I am grateful for so much in my life right now, and I’m scared shitless because I know that just on the other side of this ledge is a big expanse of air and space that I’ve never seen before and I don’t know what’s coming, I can’t predict my future, but I now hold a morsel of knowledge I didn’t have before, and that’s big. That’s the smallest thing, I know, but it’s the biggest magic (paraphrased from The Magicians). And I’m gonna do something great with it.
Have you tried lemon balm for anxiety? I have Epstein-Barr virus, and it has caused a great deal of havoc in my body – it irritates nerves within me. I use Vimergy lemon balm as it’s a a very good brand and it works well without things like alcohol in it.
I haven’t, but I’ll look onto it. Thanks!
A great story that stirred something within me too. Now I feel like I have to go write more. Wishing you all the best and here’s to doing great things!

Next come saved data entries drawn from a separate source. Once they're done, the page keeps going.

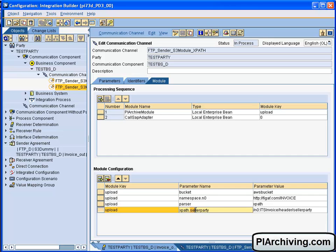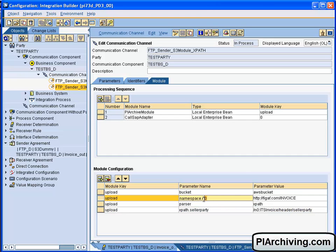Then we have the name of the attribute we want to save this information with, and then we put in the XPath. Notice that we are also using the namespace declaration for this, which is defined the same way with namespace dot the namespace name, and then the value of that namespace. So that is how simple it is to configure these two.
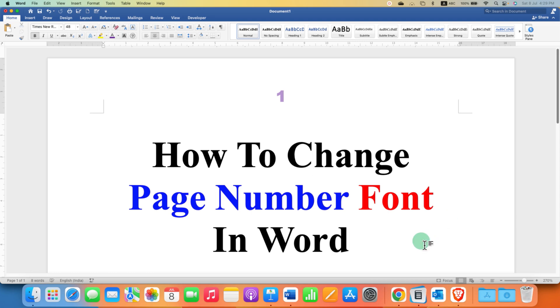Now check out these useful videos related to page number in Word document. Click on that like button, comment below and let me know if this video solved your problem.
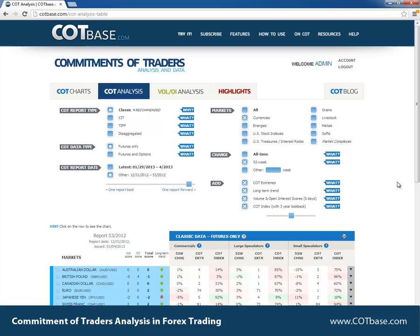Hi guys, it's Thomas here from cotbase.com. Welcome to our newest video where we're going to be talking about COT analysis and forex trading. It's going to be a short one, really just focusing our attention on how COT signals can be useful if you're trading forex. Before I get started, anybody who's new to the Commitments of Traders report and COT analysis, I advise you to watch the following videos.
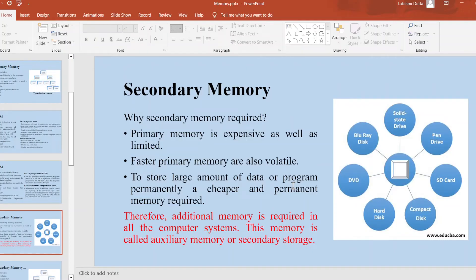Why is secondary memory required? The primary memory is expensive and has limited space. Primary memory is also volatile. To store a large number of data or programs permanently, cheaper and permanent memory is required. Therefore, additional memory is required in all computer systems. This memory is called secondary memory. Examples of secondary memory are DVD, hard disk, CD, pen drive, Blu-ray disk, etc.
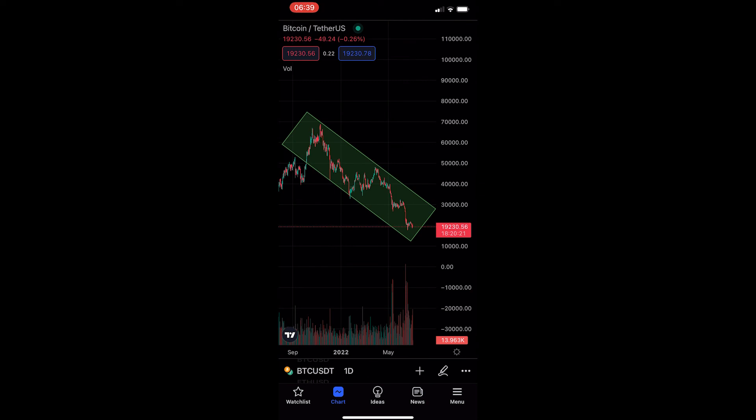I just tweaked this and put it to either side so that it fits this channel really nicely. You just need to play around with it, move it, and tweak it until it fits the channel you would like. And that is how you can draw a rotated rectangle on TradingView. Thank you for watching.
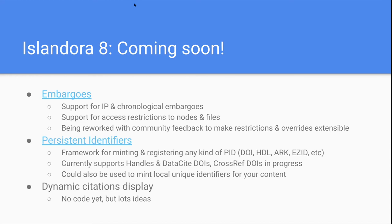Last but not least, dynamic citations display — a very popular Islandora Scholar feature — is being planned for Islandora 8. There's no code yet as the community is still working out how it should be implemented, but it's not a technical problem since CiteProc works on the back end similarly to how it did in Islandora 7. It just needs a little bit of theming to make it a reality.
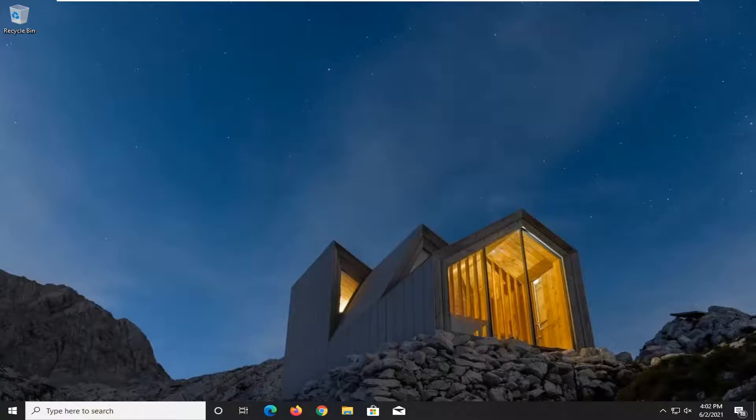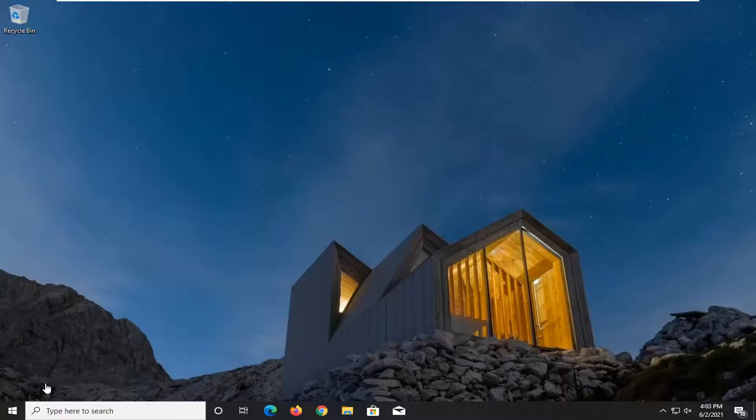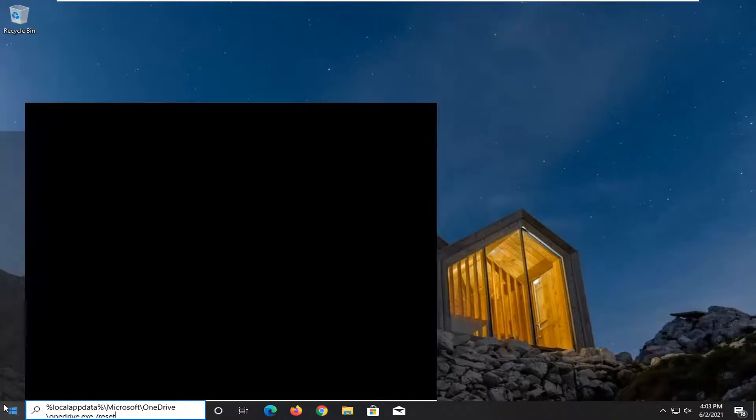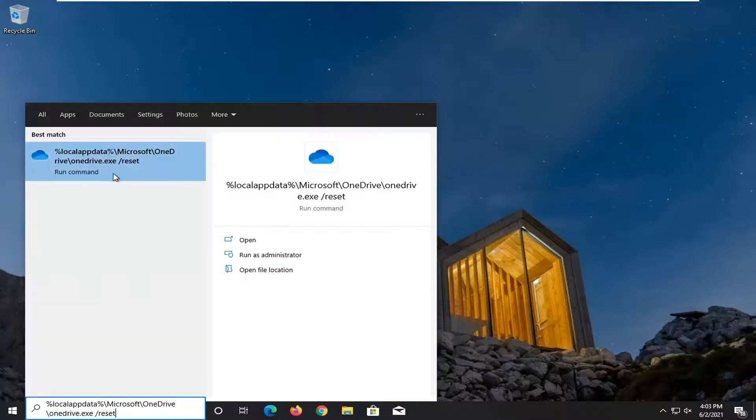So anyway we are about to begin so go and start by copying a path I have in the description of my video. It's a reset path so just copy it, starts with a percent sign, ends with reset and then open up the start menu.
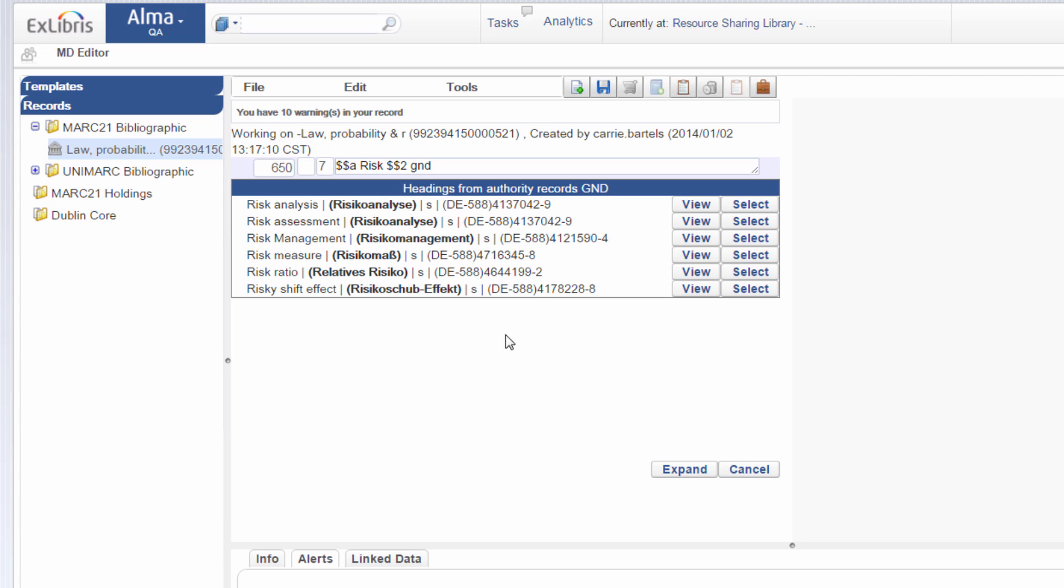Now by default, and this is true in previous Alma releases, when you click expand, the only additional information that would display is the preferred value. But now you can configure exactly which additional information you want.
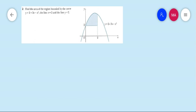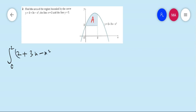Question number 2: find the area of the region bounded by the curve y equals 2 plus 3x minus x squared, the line x equals 2, and the line y equals 2. We have to find this area — I've marked it with a red pen. The x limit is given from 0 to 2, and the equation is 2 plus 3x minus x squared.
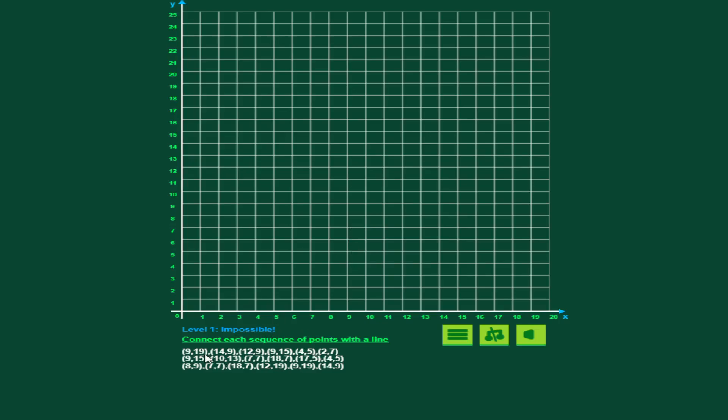I'm going to go ahead and plot the first point, and the way you work these plot points is that you top to bottom, I mean left to right, top to bottom, just like you read. So 9, 19.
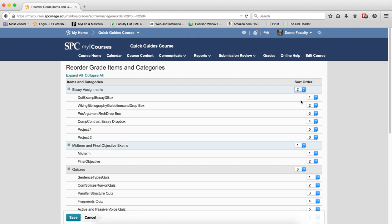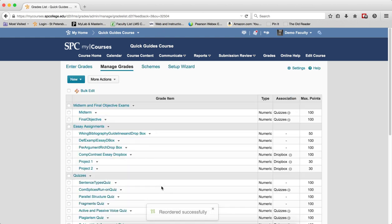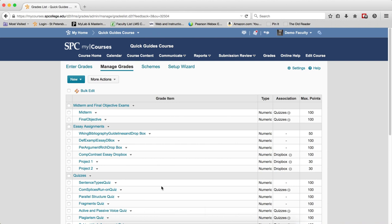To reorder an individual grade item, click on the Sort Order drop-down list from the grade item and change the number. When all the reordering is done, click Save, and you'll get a message at the bottom telling you that the reordering was successful.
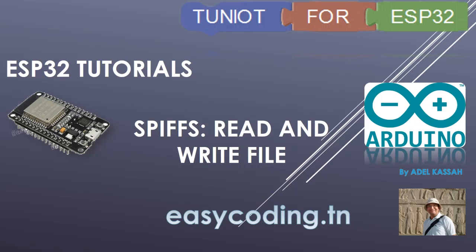Hello and welcome to this new tutorial in the list dedicated to the programming of the ESP32 board in an easy way. Today we will see together the SPI file system. You can think of the SPIFFS as a very small SD card on board the ESP32 chip itself.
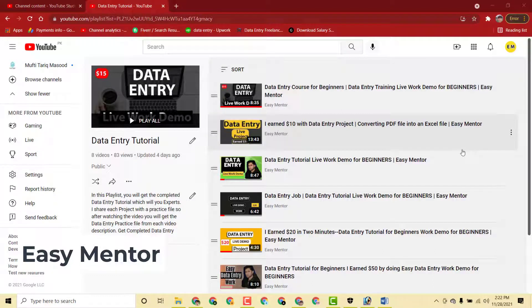Hi everyone, welcome to my YouTube channel Easy Mentor. In this video I'm going to share with you a new data entry project which I got on Upwork. Actually, I earned five dollars in under five minutes, so it was pretty simple work.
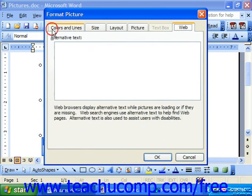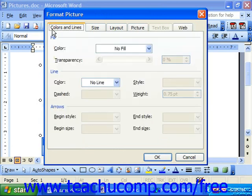You can use the Format Picture dialog box to make your editing changes to your selected graphic. It contains all of the functionality of the picture toolbar, but instead of pushing buttons, you click on the different tabs and enter the information to change properties such as line width, color, graphic size, and text wrapping attributes.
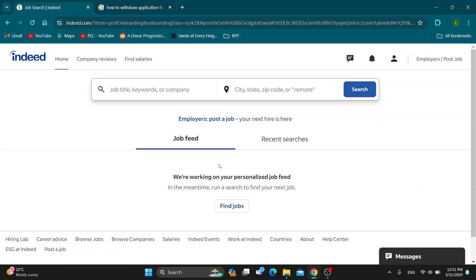Let's say you have sent your application to a job — you've sent your CV and resume — and now you want to withdraw because you do not want to apply anymore. There is no direct way to do this on the website.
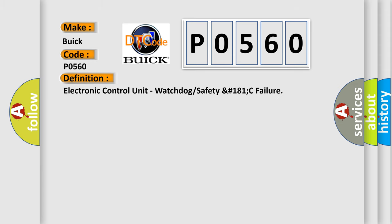The basic definition is Electronic Control Unit watchdog or safety number 181C failure.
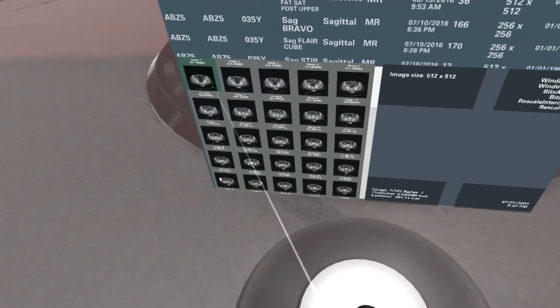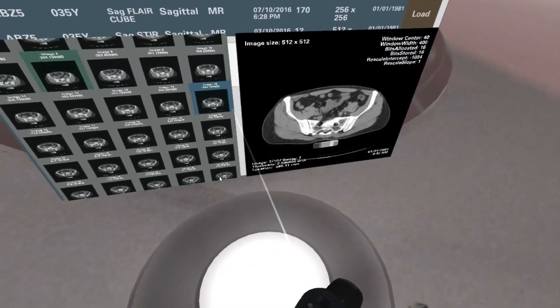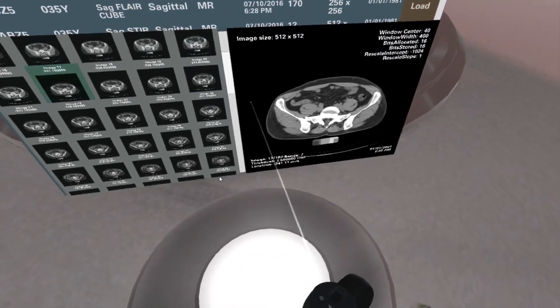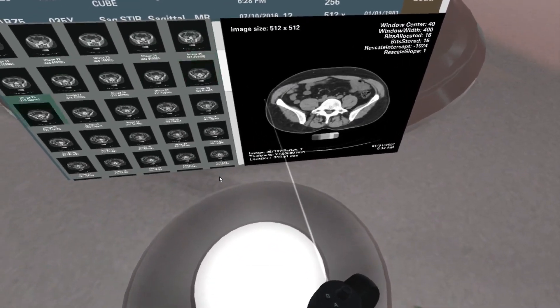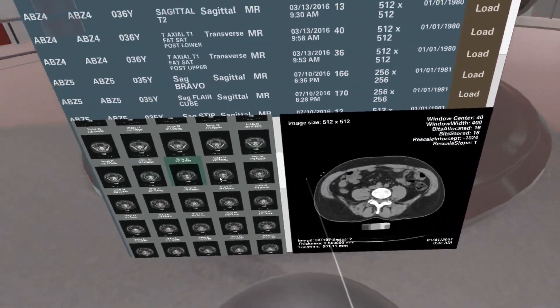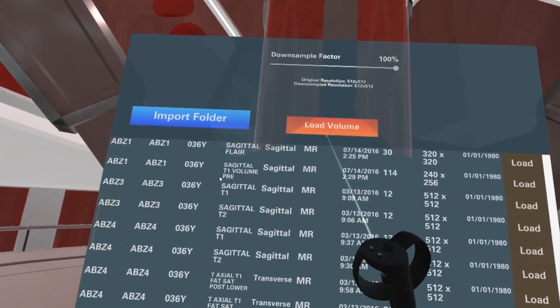You can import your own DICOM files and watch as they are converted to 3D volumes in real time.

I’m glad this post inspired you! What do you usually write? Fiction? Poetry? Nonfiction?
I’m on a fiction run right now, mostly sci-fi (cyberpunk, in particular). Just finished my third manuscript and am going on my fourth!
That’s awesome!! I love sci-fi. I have a manuscript of my own that’s as yet unfinished and needs a major overhaul. A fourth manuscript – that’s really great! Keep up the good work!